Isn't this type of maintenance SUPPOSED to be done in the middle of the night, when the MBTA is offline?

Not necessarily

By Jay Levitt | Tue, 10/20/2009 - 12:19pm

I assumed from the description that planned work on the bridge led to unplanned cable damage on the Green Line.

I'm probably being too generous, tho.

Repairs are not necessarily planned maintenance.

By roadman | Tue, 10/20/2009 - 12:39pm

The four separate T alerts I got about this latest Green Line fail all referred to a "power problem on Commonwealth Avenue". Sounds to me that this was not poorly scheduled routine maintenance, but an emergency response to an overhead trolley wire that suddenly broke in service. Based on similar past incidents, two hours to replace a broken section of wire is about right.

The larger issue here seems to be not maintenance scheduling, but the fact that the MBTA has a real reluctance to use proper descriptive terms such as "emergency repairs" when announcing problems in their alerts and comments to the press.

I still wonder why

By anon (not verified) | Tue, 10/20/2009 - 12:52pm

None of the major local news stations have reported what really happened. If there was a construction mishaps on the BU bridge or if a power line broke during routine service one would think someone would have accurately reported it, including the MBTA itself.

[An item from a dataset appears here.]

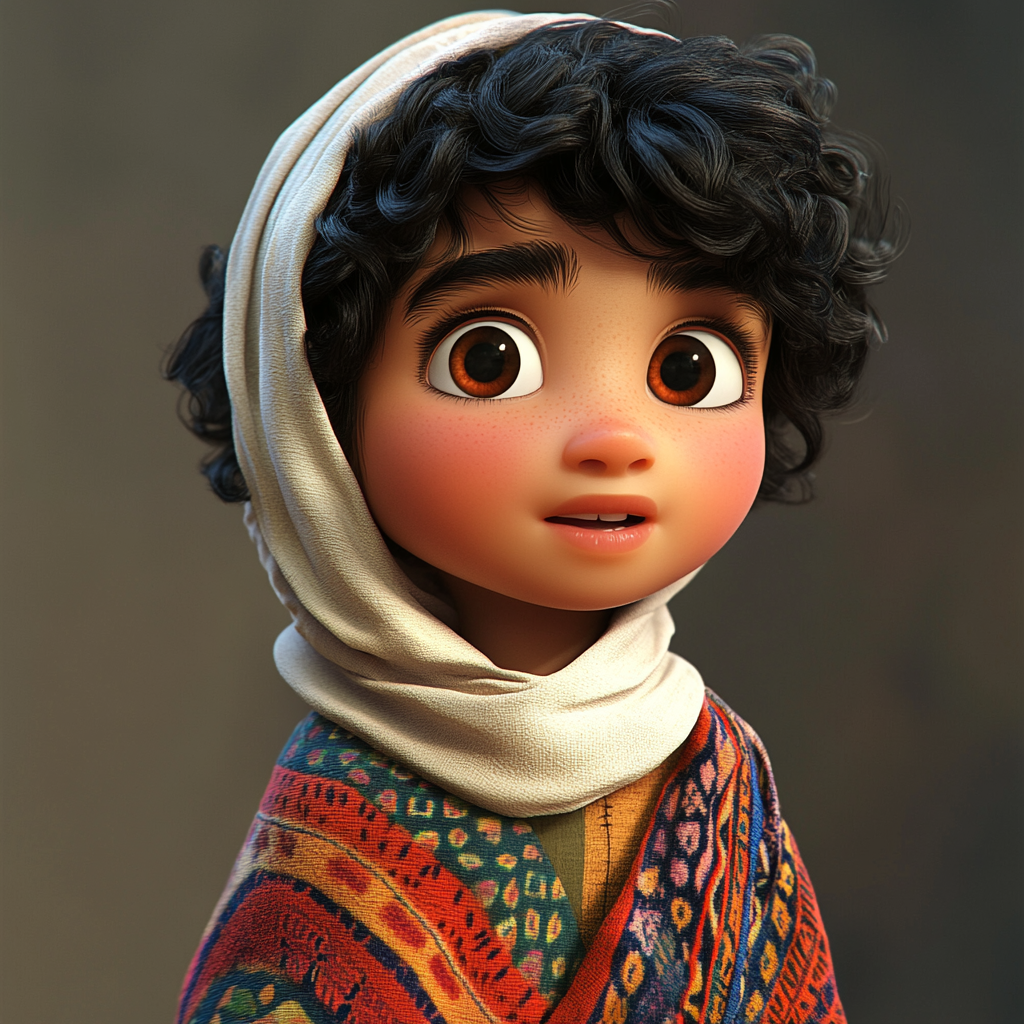 Arab boy with olive skin, curly hair, thobe, keffiyeh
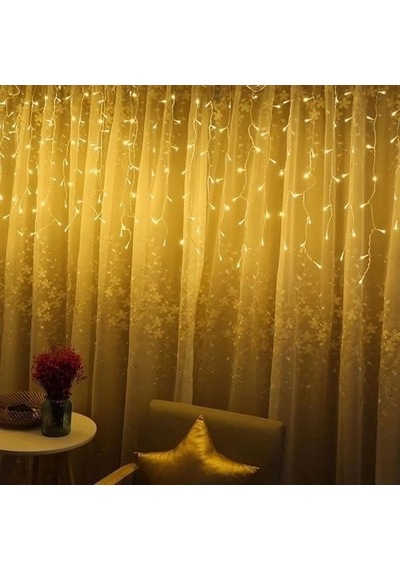 8 Fonksiyonlu 16 Saçaklı Perde Led 3 X 1 Günışığı Çok Renkli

I was looking for a real explanation of this outage for a good hour, and still have yet to get one.

The fact that the MBTA used vague wording to address this "power problem" with a wire on the BU bridge rather than giving a clear, direct answer is somewhat shady at best and screams cover-up at worst. Considering that the MBTA has a reputation of poorly scheduling construction projects in ways that either interfere with regular service (ever notice Arlington station during a regular Green Line commute?) or risk causing major outages (like the subway power outage last summer), the lack of information surrounding a major, prolonged outage strikes me as suspicious.

Unfortunately, to the mainstream media,

By roadman | Tue, 10/20/2009 - 2:58pm

MBTA delays hardly qualify as breaking news these days. Even the traffic reporters barely cover them, unless there's a car accident involved.

Remember that we're dealing with organizations that not only wasted time and resources last week chasing a balloon live for two hours, but are still covering the "important big (non-)story" long after it was determined the whole thing was a hoax - thus feeding the publicity frenzy the family was seeking in the first place.

As for why the MBTA does not give direct answers in these cases, there seems to be a policy of not using phrases or descriptions that management thinks would put the T in a bad light. I don't agree with this policy, but I wouldn't go so far to call it a vast cover up on the T's part.

BTW, I can't recall the last time we had a broken wire on the BC line. That sort of thing normally happens between Government Center and North Station.